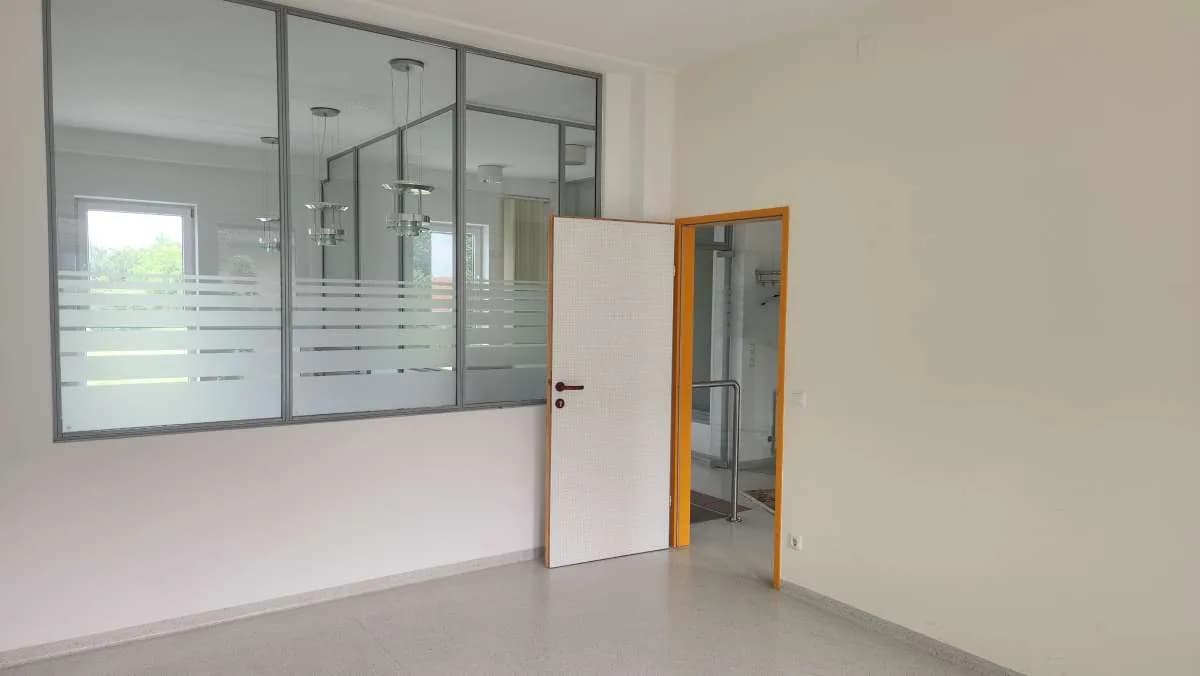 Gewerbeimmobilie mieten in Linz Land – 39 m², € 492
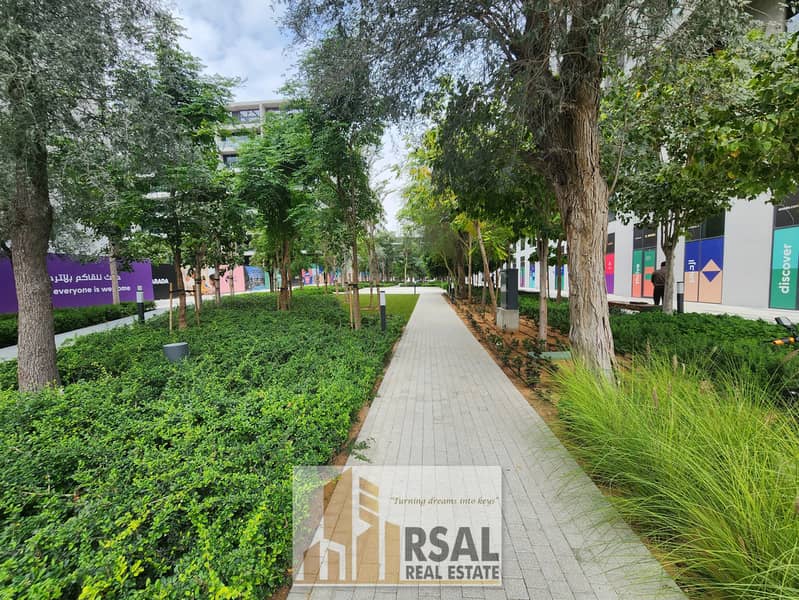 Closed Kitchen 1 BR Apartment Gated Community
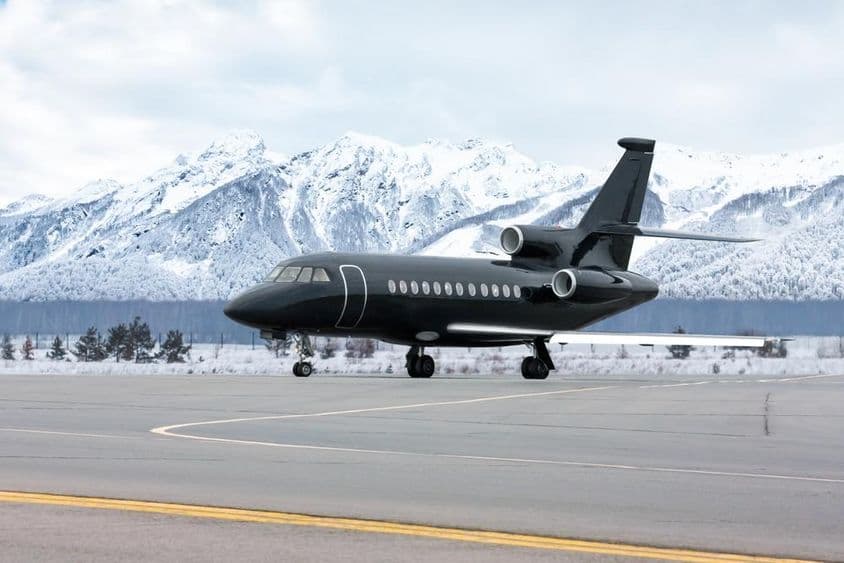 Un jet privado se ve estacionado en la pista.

DESCRIPTION OF THE TASK:
Transcribe exactly the line containing "Closed Kitchen 1" and every line after it through the end of the listing above; pictures are not part of the copy.

REPLY:
 Closed Kitchen 1 BR Apartment Gated Community
 Un jet privado se ve estacionado en la pista.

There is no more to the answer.